PROBLEM STATEMENT:
Given the records below, would you repeat exactly the lines that begin at the one containing "Heritage Serviced Suites" and end at the one containing "اقامتگاه بوم گردی عمارت صدر گرگان اقامتگاه", inclusive?

Caption-style text data:
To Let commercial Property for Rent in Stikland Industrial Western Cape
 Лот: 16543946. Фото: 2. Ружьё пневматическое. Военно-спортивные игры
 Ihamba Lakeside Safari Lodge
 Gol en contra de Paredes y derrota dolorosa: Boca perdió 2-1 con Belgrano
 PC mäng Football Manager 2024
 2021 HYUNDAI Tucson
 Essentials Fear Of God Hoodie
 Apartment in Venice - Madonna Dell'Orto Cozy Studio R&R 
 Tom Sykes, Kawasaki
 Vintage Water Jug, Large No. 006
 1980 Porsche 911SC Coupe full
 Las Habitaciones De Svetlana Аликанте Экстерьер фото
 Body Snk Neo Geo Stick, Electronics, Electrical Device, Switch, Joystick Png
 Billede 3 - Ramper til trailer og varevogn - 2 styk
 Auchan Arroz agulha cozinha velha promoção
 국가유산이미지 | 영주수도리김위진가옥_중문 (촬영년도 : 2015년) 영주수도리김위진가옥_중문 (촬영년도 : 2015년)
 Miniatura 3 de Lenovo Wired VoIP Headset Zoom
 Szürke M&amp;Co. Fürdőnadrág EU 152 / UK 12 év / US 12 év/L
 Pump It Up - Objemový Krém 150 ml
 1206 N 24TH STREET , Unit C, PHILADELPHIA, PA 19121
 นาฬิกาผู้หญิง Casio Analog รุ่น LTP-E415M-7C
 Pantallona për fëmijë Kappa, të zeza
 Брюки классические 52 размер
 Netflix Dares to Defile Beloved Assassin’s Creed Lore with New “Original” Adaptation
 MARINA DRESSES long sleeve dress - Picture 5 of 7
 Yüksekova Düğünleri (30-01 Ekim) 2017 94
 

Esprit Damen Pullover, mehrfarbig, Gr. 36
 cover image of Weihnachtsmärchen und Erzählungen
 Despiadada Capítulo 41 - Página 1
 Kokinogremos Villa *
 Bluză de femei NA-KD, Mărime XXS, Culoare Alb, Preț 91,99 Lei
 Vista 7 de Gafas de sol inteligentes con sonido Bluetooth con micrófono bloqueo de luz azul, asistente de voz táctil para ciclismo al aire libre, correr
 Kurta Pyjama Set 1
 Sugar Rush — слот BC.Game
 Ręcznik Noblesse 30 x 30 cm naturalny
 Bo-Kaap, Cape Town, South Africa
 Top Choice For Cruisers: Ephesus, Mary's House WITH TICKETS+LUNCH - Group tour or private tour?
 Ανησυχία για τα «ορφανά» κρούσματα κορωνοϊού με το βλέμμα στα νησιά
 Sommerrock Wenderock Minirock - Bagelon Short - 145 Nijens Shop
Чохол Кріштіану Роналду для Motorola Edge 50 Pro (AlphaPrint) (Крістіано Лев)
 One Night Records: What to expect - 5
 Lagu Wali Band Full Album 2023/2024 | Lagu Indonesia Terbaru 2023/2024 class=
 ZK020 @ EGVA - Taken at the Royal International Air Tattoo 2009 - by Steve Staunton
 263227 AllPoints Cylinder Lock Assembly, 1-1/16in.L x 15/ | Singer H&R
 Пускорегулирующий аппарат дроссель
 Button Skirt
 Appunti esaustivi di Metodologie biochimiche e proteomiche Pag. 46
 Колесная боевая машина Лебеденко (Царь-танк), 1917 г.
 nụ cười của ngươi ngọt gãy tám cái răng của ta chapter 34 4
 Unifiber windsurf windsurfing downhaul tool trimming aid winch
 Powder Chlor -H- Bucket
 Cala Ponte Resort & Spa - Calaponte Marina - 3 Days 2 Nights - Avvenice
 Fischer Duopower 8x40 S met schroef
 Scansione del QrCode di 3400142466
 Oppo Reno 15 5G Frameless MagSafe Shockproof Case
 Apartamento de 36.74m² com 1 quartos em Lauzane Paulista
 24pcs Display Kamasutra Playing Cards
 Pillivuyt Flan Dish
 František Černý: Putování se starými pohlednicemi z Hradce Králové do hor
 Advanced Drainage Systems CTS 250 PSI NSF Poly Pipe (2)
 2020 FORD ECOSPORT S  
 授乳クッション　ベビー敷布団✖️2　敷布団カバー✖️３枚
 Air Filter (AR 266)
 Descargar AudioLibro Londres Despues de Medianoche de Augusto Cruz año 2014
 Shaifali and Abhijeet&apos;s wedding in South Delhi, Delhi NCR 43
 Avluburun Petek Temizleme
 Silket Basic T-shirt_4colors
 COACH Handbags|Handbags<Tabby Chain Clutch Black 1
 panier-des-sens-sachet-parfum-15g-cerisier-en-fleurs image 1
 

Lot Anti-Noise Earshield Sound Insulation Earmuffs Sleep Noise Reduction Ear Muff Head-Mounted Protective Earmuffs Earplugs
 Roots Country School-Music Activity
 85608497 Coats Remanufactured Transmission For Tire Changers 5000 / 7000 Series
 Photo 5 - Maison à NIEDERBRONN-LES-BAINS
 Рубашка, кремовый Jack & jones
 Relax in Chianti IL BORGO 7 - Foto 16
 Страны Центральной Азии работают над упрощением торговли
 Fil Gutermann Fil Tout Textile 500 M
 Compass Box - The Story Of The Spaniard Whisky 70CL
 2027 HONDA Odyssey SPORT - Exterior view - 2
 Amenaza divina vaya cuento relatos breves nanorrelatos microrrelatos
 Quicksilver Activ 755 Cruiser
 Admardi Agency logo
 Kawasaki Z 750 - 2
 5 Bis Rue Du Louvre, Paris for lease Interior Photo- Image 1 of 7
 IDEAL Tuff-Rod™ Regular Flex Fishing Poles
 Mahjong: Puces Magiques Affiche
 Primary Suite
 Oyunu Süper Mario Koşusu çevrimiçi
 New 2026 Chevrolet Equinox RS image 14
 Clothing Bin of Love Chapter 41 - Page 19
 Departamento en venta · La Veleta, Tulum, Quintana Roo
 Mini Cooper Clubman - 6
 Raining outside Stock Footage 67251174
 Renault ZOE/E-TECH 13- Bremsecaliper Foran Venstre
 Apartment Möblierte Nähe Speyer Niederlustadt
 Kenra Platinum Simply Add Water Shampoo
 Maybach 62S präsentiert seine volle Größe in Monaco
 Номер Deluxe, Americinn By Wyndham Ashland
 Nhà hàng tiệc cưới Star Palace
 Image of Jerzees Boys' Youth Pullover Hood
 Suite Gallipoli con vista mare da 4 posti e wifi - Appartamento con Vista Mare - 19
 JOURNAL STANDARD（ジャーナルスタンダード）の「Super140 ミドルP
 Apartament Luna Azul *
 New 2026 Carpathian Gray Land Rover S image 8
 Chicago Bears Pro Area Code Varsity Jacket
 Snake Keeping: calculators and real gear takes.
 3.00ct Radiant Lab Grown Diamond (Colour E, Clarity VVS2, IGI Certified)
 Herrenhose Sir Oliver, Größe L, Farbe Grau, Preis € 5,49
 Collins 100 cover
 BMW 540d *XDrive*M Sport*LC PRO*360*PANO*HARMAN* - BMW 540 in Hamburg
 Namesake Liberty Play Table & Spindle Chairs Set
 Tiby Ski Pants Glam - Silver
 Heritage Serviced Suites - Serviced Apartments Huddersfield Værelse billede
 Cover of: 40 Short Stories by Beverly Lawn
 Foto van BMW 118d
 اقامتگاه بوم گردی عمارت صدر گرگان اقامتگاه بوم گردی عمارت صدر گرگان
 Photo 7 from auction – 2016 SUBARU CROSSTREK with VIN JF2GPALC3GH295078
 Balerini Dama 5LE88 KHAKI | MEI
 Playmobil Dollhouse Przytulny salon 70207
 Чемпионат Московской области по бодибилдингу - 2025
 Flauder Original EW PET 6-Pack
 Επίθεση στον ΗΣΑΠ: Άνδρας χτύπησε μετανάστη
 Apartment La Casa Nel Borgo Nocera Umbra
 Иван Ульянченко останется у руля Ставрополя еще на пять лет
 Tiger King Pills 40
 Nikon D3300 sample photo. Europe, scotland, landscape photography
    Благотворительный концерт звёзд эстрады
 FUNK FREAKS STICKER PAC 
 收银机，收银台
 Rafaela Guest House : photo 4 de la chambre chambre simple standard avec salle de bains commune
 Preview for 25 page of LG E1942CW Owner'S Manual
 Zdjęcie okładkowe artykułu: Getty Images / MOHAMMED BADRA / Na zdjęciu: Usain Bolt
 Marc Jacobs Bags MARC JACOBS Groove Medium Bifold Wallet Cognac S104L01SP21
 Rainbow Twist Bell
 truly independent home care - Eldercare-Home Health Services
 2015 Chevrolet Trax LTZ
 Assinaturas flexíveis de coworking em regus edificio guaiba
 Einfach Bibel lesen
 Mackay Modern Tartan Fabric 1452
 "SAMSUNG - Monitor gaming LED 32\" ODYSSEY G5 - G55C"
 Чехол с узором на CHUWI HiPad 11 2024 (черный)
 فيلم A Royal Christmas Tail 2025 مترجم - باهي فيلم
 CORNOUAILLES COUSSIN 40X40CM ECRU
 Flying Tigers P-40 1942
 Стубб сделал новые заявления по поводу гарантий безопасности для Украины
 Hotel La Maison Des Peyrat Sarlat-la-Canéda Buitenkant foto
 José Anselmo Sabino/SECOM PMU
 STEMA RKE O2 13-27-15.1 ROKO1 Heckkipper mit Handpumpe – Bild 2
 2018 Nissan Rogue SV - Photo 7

EXPECTED OUTPUT:
 Heritage Serviced Suites - Serviced Apartments Huddersfield Værelse billede
 Cover of: 40 Short Stories by Beverly Lawn
 Foto van BMW 118d
 اقامتگاه بوم گردی عمارت صدر گرگان اقامتگاه بوم گردی عمارت صدر گرگان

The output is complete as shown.